## AIM OF THE EXERCISE
Exact copy, no pictures: set down every entry below as written.

◆ ◆ ◆ ◆

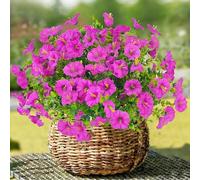 TINA Artificial Flowers 6 Bundles Artificial Flowers Like Real Artificial Balcony Plants Weatherproof Petunia Silk Flowers Bouquet UV-Resistant Fake Flowers for Balcony Box Planter Indoor Outdoor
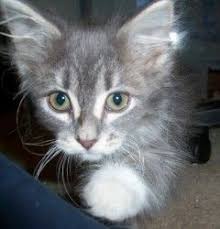 Jellico Is An Adoptable Domestic Medium Hair Gray And White Cat In Plymouth Mn Jellico Jellico Is An Act Grey And White Cat Cats And Kittens Cat Adoption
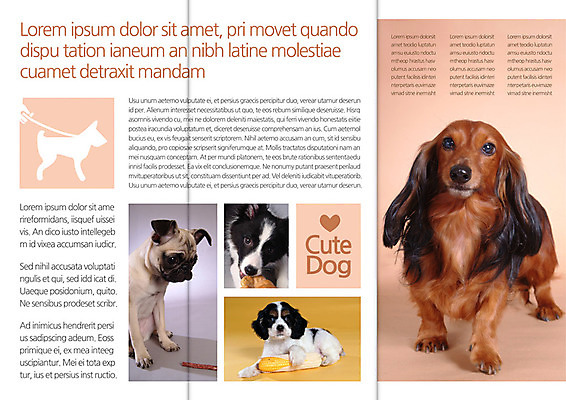 동물 템플릿 편집 표지디자인 북디자인 출판디자인 내지 반려견 음식 빵 리플렛 백그라운드 북커버 여러마리 3단접지 포유류 옥수수 팜플렛 사람없음 반려동물 개 목줄 개껌 반려 이미지템플릿 AI파일 다수 곡류 파일형식 벡터 반려용품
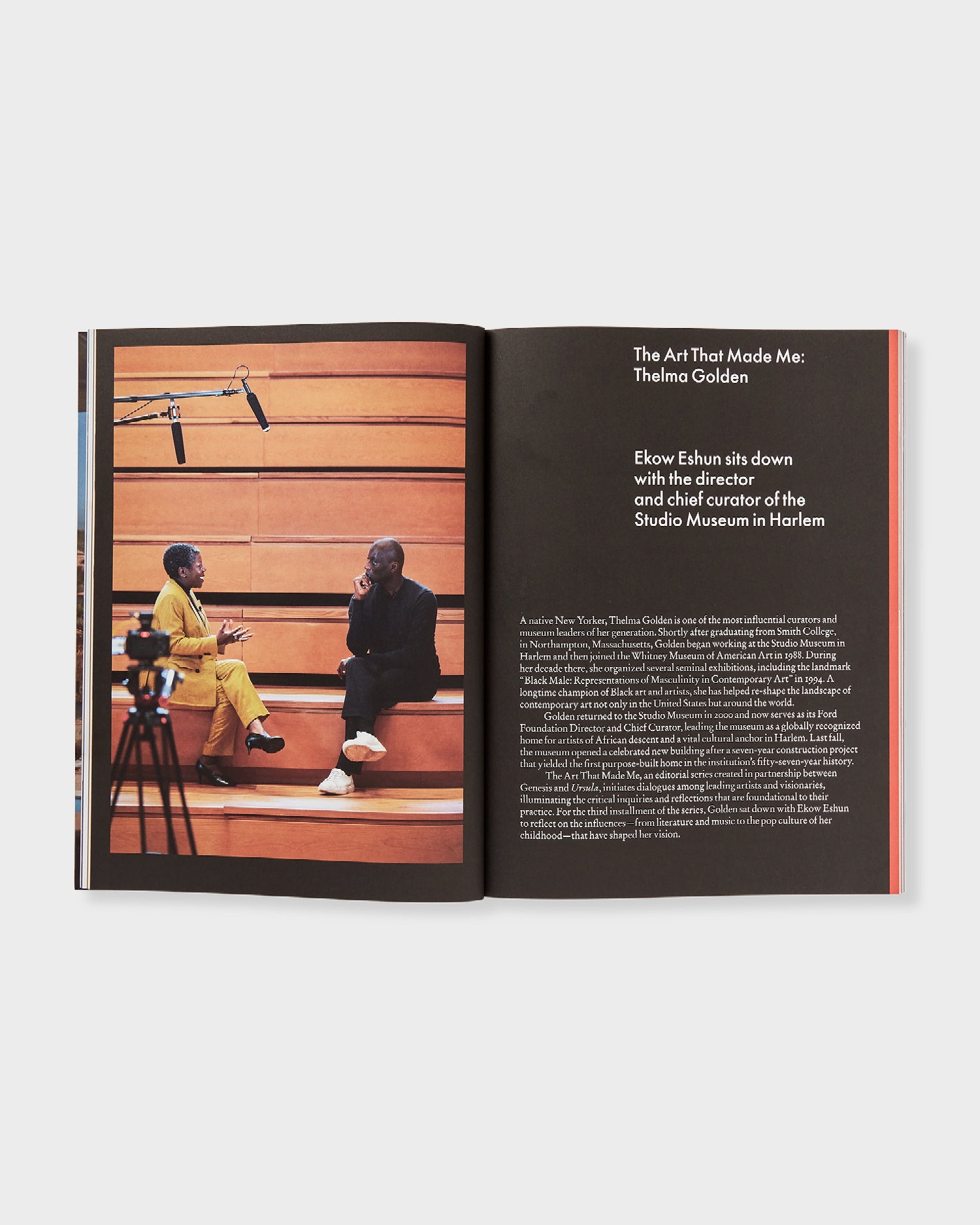 Ursula: Issue 17, Hauser & Wirth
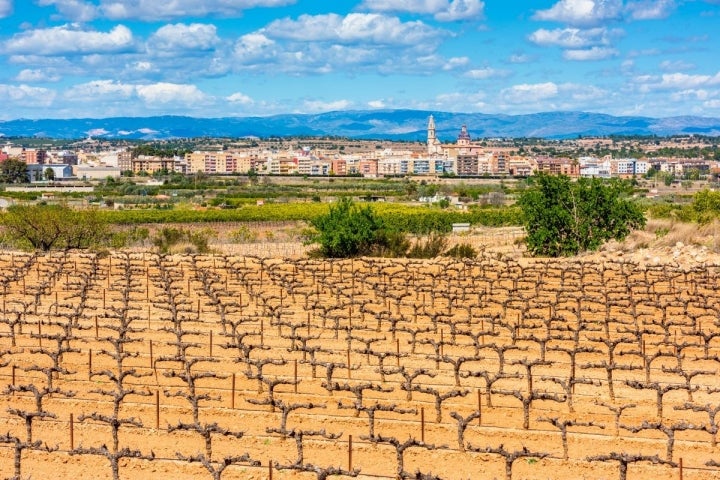 Vista de unos viñedos en los alrededores de Cheste.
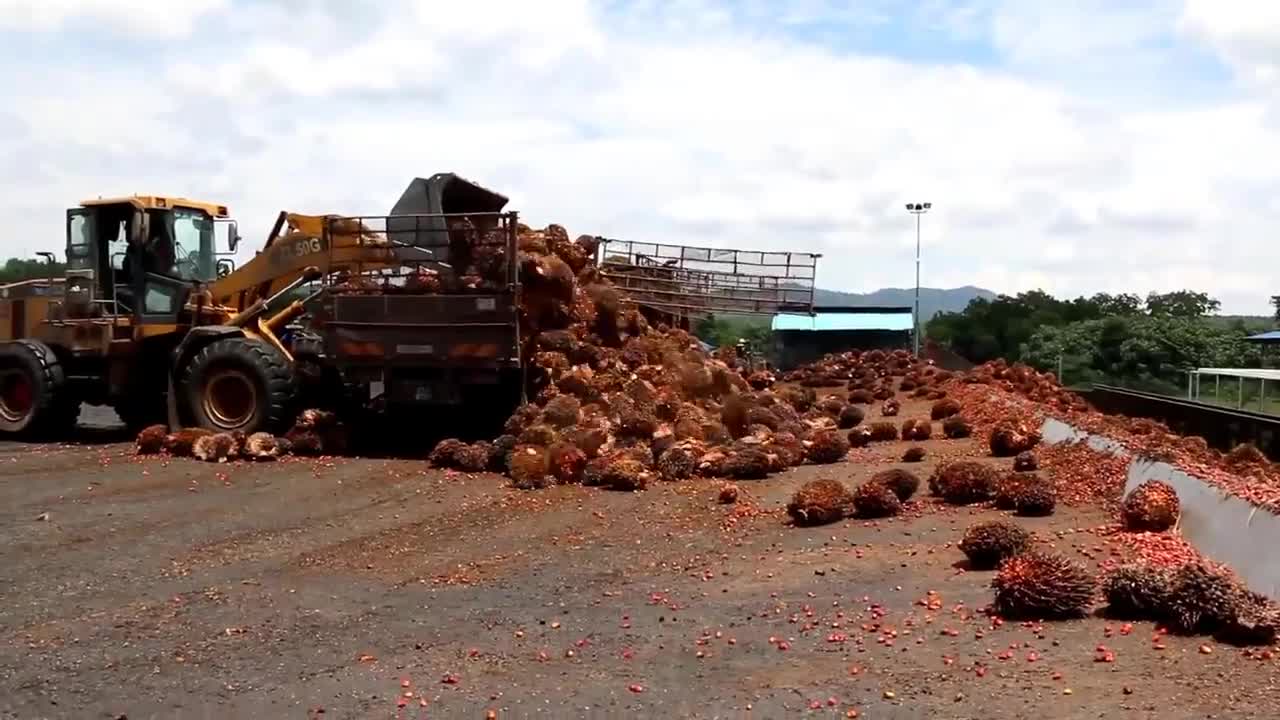 Amazing Oil Palm Fruit Harvesting Machine - Palm Oil Processing in Factory - Palm Oil Production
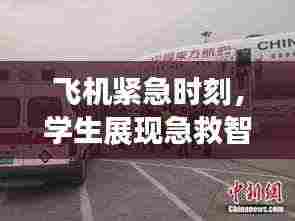 怀真抱素 第4页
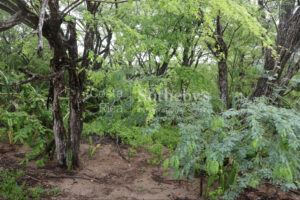 1000+ Ecologically Pristine Acres with Beachfront, Existing House and Staff Quar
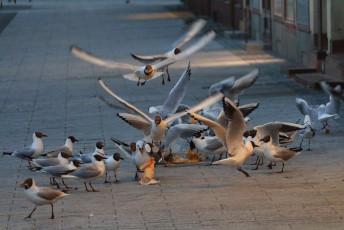 Seagulls Flocking for Food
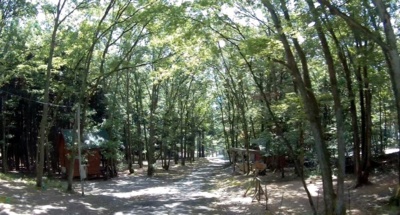 奥琵琶湖キャンプ場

◆ ◆ ◆ ◆

## YOUR SOLUTION
 TINA Artificial Flowers 6 Bundles Artificial Flowers Like Real Artificial Balcony Plants Weatherproof Petunia Silk Flowers Bouquet UV-Resistant Fake Flowers for Balcony Box Planter Indoor Outdoor
 Jellico Is An Adoptable Domestic Medium Hair Gray And White Cat In Plymouth Mn Jellico Jellico Is An Act Grey And White Cat Cats And Kittens Cat Adoption
 동물 템플릿 편집 표지디자인 북디자인 출판디자인 내지 반려견 음식 빵 리플렛 백그라운드 북커버 여러마리 3단접지 포유류 옥수수 팜플렛 사람없음 반려동물 개 목줄 개껌 반려 이미지템플릿 AI파일 다수 곡류 파일형식 벡터 반려용품
 Ursula: Issue 17, Hauser & Wirth
 Vista de unos viñedos en los alrededores de Cheste.
 Amazing Oil Palm Fruit Harvesting Machine - Palm Oil Processing in Factory - Palm Oil Production
 怀真抱素 第4页
 1000+ Ecologically Pristine Acres with Beachfront, Existing House and Staff Quar
 Seagulls Flocking for Food
 奥琵琶湖キャンプ場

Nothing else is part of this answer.